The embodiments of the invention in which an exclusive property or privilege is claimed are defined as follows:

1. An electro-optical lens device comprising an optical lens coated with a layer of solid persistent electro-chromic material, an ion-conducting layer, a pair of elec-trodes in contact with these layers, and means for applying direct current voltage to said pair of electrodes to create an electric field across said layers, said electric field being of such a polarity to alter light absorption characteristics of said material, whereby said absorption may be varied from substantially no absorption to a desired degree of absorption, so as to vary the amount of light transmitted through said lens.

2. The electro-optical device of Claim 1 compri-sing a laminar structure of said optical lens successively coated with a first transparent electrode layer, a solid persistent electrochromic film an ion-conducting layer and a second transparent electrode layer.

3. The device of Claim 2 wherein said persistent electrochromic material is W03.

4. The device of Claim 2 wherein said persistent electrochromic material is MoO3.

5. The device of Claim 2 including control means coupled to said electrodes for selectively applying across said electrodes a potential of one polarity a potential of the opposite polarity, and an effective short circuit.

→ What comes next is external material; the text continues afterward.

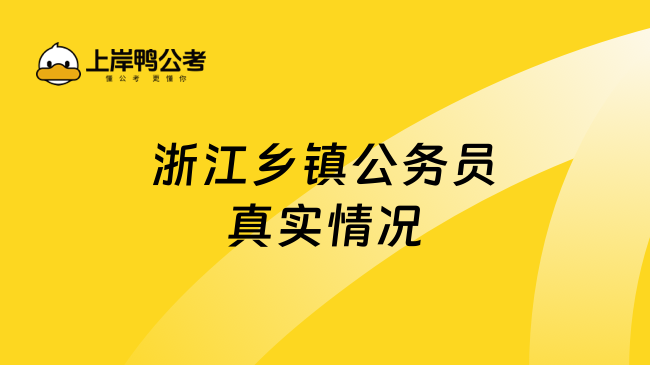 浙江乡镇公务员真实情况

6. A pair of ophthalmic glasses comprising:
first and second lenses mounted in a frame, said lenses each comprising an electro-optical lens as in Claim 1, and means at least partially disposed within said frame for accommodating application of direct current voltage to said pair of electrodes to create an electric potential across the persistent electrochromic material of one polarity and a potential of the opposite polarity, whereby the persistent electrochromic material can be varied in coloration so as to vary the amount of light transmitted through said lens.

7. The pair of glasses of Claim 6 including a photocell control means to adjust light transmissive properties of said lenses according to the degree of ambient light.

8. The pair of glasses of Claim 6 including individual control means for each respective lens, so that light transmission through each lens can be independently adjusted.

9. The pair of glasses of Claim 6 including a direct current power source disposed within said frame.